I figure, this is a good time to recap the concept behind my recent sewing projects...
It's worth restating that these are "my" challenges; I am not participating in a group project. Natch, everything I'm doing here has been done before, many times, by great bloggers and sewists - many of whom have led others in their sew alongs or challenges. No doubt, that's how I came up with my ideas :-) I am particularly grateful for the work of Collette Patterns, Gertie, Peter, Sunni - and probably many others I'm neglecting to mention right now (in my fog of spring cold sickness). Point is, there's a lot of context in "good sewing".
Why have I, at this juncture in my sewing journey, decided to take this approach?
- I love methodology. This kind of process-driven project is how I get my kicks.
- It's a skill-improvement extravaganza!
- It's practical: a way to make something in the most streamlined, and probably cost-effective, fashion.
- This may be totally inaccurate, but from palette-to-garment seems very "industry-plus" to me. It allows me to pretend I'm at my own College of Fashion Design where the curriculum is dicey but the grades really mean something.
- It's a marketing gimmick. (What?!, you say.
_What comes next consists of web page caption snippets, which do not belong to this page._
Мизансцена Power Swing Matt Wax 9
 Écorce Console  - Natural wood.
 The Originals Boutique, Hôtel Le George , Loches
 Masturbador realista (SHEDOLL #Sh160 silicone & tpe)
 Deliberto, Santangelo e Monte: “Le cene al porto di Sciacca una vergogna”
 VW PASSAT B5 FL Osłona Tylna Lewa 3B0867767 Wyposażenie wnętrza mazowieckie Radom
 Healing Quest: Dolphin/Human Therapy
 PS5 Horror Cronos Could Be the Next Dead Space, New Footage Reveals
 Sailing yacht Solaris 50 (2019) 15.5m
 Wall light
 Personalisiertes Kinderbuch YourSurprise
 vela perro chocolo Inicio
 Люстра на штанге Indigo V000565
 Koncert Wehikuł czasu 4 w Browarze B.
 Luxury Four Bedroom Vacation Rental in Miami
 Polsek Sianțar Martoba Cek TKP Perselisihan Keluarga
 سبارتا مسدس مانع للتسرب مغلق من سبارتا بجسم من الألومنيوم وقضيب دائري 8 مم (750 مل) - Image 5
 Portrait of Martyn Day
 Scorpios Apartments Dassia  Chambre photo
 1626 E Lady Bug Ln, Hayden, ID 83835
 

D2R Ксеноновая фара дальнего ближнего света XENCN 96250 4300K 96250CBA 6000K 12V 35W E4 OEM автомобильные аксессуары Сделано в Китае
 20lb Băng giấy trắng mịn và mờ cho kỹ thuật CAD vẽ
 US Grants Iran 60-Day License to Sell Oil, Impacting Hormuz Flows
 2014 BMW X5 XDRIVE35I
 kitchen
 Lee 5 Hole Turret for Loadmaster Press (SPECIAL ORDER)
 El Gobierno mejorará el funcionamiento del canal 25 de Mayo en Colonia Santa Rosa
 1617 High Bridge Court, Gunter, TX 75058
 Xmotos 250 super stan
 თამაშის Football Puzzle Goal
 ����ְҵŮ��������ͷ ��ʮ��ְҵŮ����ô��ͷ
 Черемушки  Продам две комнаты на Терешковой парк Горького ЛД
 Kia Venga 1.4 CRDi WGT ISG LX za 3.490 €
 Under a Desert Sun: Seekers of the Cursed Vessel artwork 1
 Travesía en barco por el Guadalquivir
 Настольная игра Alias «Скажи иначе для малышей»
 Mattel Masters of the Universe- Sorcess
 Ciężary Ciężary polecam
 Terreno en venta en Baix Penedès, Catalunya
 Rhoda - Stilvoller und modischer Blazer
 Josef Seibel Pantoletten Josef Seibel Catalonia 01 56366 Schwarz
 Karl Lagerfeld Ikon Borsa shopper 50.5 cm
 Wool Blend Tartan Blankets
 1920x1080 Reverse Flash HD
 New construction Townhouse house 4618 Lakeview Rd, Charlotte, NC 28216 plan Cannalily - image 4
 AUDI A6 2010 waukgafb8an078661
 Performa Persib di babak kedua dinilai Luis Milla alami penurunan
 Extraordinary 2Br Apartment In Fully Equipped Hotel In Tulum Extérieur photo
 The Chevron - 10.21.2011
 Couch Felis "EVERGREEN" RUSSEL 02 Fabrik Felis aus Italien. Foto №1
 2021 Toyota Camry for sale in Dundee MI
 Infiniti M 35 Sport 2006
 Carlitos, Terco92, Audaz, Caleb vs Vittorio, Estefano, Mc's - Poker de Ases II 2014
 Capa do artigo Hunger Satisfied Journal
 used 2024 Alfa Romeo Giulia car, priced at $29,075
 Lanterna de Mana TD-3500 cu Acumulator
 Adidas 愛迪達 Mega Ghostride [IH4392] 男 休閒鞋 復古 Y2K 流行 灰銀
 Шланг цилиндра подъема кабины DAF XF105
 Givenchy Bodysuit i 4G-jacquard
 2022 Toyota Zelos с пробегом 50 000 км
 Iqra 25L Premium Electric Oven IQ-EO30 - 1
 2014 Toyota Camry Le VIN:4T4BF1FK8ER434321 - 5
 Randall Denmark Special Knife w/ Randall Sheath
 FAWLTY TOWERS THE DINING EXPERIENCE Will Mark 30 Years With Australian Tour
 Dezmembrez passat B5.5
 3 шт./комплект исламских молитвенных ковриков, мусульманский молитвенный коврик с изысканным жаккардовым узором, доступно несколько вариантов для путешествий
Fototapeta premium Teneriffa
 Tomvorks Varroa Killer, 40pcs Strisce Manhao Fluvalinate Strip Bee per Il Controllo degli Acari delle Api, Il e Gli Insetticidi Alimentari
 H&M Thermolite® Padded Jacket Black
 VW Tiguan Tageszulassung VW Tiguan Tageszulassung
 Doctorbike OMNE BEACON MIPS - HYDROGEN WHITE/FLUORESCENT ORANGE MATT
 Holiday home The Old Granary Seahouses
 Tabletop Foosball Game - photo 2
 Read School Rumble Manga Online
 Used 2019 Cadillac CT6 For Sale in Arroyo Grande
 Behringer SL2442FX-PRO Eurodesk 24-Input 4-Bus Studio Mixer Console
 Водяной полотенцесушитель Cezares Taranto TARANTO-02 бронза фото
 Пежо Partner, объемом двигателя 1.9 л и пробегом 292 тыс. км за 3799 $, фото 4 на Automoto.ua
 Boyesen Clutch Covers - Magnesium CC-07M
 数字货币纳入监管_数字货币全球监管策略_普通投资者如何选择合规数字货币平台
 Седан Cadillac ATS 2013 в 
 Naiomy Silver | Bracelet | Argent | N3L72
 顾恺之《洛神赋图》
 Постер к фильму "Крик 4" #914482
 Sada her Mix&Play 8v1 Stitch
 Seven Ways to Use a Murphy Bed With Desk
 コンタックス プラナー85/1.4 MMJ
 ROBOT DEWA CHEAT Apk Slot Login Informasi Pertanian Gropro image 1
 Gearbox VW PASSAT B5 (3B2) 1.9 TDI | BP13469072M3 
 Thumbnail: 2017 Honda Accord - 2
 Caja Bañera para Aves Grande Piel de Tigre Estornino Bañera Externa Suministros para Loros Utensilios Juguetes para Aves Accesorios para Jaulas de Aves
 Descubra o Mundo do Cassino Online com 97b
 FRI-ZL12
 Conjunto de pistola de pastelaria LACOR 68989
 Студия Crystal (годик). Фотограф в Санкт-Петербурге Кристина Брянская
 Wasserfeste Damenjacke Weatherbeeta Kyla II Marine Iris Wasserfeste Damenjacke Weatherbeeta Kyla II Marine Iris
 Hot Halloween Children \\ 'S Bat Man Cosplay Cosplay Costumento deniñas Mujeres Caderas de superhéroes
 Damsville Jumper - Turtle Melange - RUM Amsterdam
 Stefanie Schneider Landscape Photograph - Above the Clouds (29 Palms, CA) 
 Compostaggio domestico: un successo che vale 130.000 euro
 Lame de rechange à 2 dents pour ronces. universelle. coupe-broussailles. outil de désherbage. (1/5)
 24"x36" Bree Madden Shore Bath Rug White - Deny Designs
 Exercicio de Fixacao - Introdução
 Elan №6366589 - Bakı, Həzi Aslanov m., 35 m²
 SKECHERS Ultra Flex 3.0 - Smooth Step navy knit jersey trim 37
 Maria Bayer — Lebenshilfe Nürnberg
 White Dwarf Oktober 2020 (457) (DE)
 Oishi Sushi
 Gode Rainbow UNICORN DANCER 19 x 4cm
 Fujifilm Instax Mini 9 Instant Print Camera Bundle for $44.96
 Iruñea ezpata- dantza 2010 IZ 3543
What need of marketing have you?) My friends, while I may not monetize this blog in any way, I greatly value your readership! Your comments, your advice, your innumerable experiences make this a community I want to live in. I'm always trying to come up with new ways to entice you to play along. This format seems to be popular - at least so far :-)
- It's a community learning platform. While I'm not leading anything but my own process, I am committed to sharing what I learn and presenting it in a way that may be useful to someone like you or me at some point in the future. To wit: How I wish I'd seen a collation of posts about inserting zippers into bias cut skirts before I started my Ginger...
Just think of it as my value-add.
Furthermore, I'm going to talk about my end-to-end process - from planning, to purchasing, to muslining and on. Having watched the Craftsy course once now, it doesn't really speak to all of those things in depth because it can't. Its job is to give you the optimal amount of information about the very-involved tailoring process, and it's awesome at that.
Now, onto the Tailored Suit Challenge itself, this version of which would not be possible without Gertie's latest Craftsy online course (The Starlet Suit Jacket).
To my friends who could care less about sewing: I promise to write about all kinds of other things too, so keep reading, ok?